_Task requirements_:
Print the data below again in full, exactly as it stands, with no images.

Material provided START

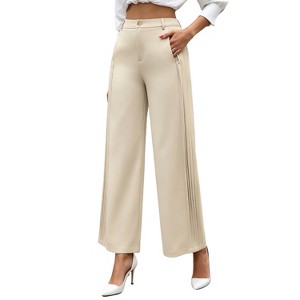 Women High Waisted Wide Leg Pants Pleated Side Casual Dress Trousers with Pockets Apricot S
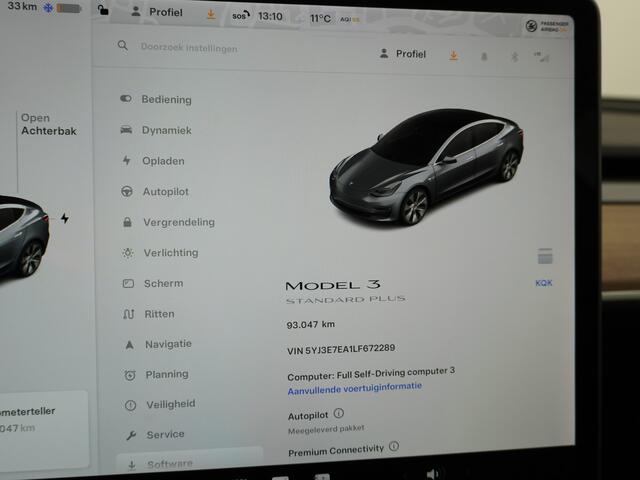 Tesla Model 3 SR+60kWh 326PK AutoPilot FSD-v.b Premium-Luidsprekers Leer PanoDak Adaptive cruise 18" Camera's Elektr.-Stuur+Stoelen+Spiegels+Geheugen+Easy-Entry+Verwarmde stoelen/achterbank Park assistent PDC-A+Voor WIFI Ecc Lane-Assist Speed-Assist Standard RWD Plus E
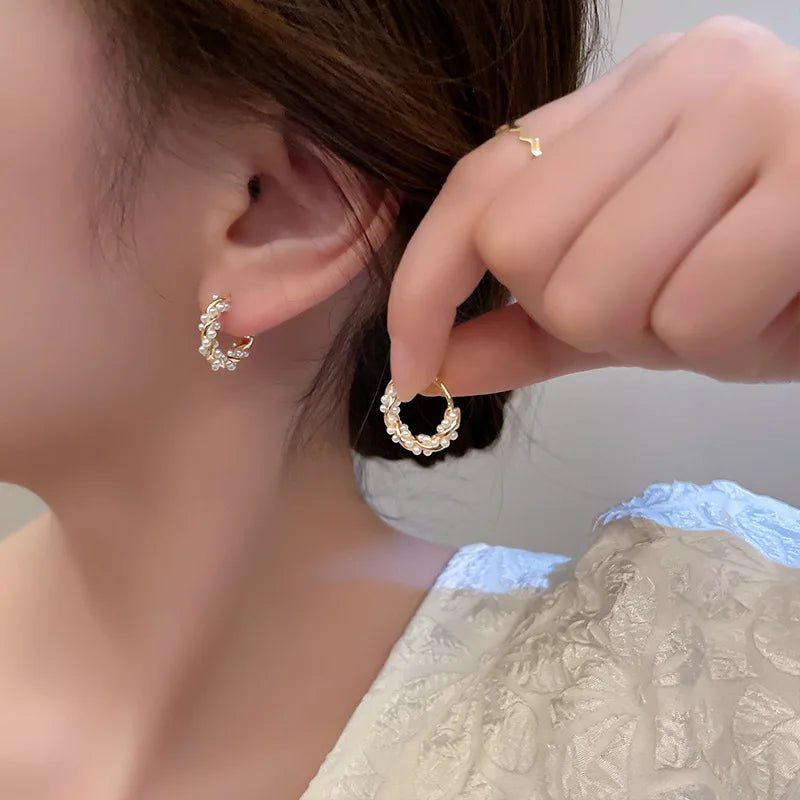 Korean Simple Pearl Circle Earrings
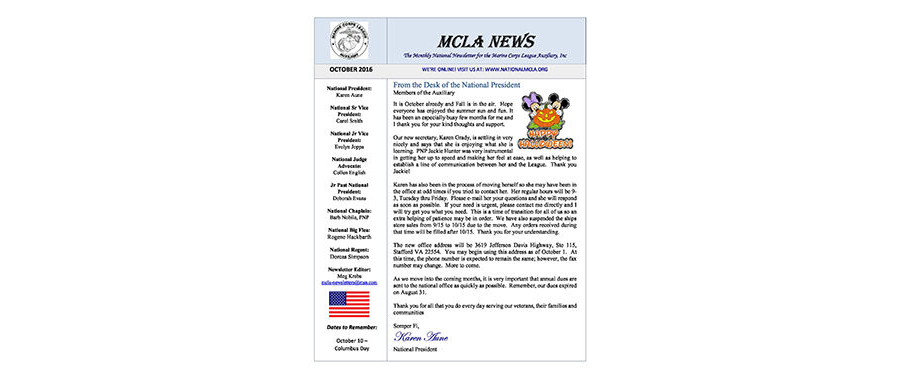 2016 October Newsletter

Material provided END

_Output for this task_:
 Women High Waisted Wide Leg Pants Pleated Side Casual Dress Trousers with Pockets Apricot S
 Tesla Model 3 SR+60kWh 326PK AutoPilot FSD-v.b Premium-Luidsprekers Leer PanoDak Adaptive cruise 18" Camera's Elektr.-Stuur+Stoelen+Spiegels+Geheugen+Easy-Entry+Verwarmde stoelen/achterbank Park assistent PDC-A+Voor WIFI Ecc Lane-Assist Speed-Assist Standard RWD Plus E
 Korean Simple Pearl Circle Earrings
 2016 October Newsletter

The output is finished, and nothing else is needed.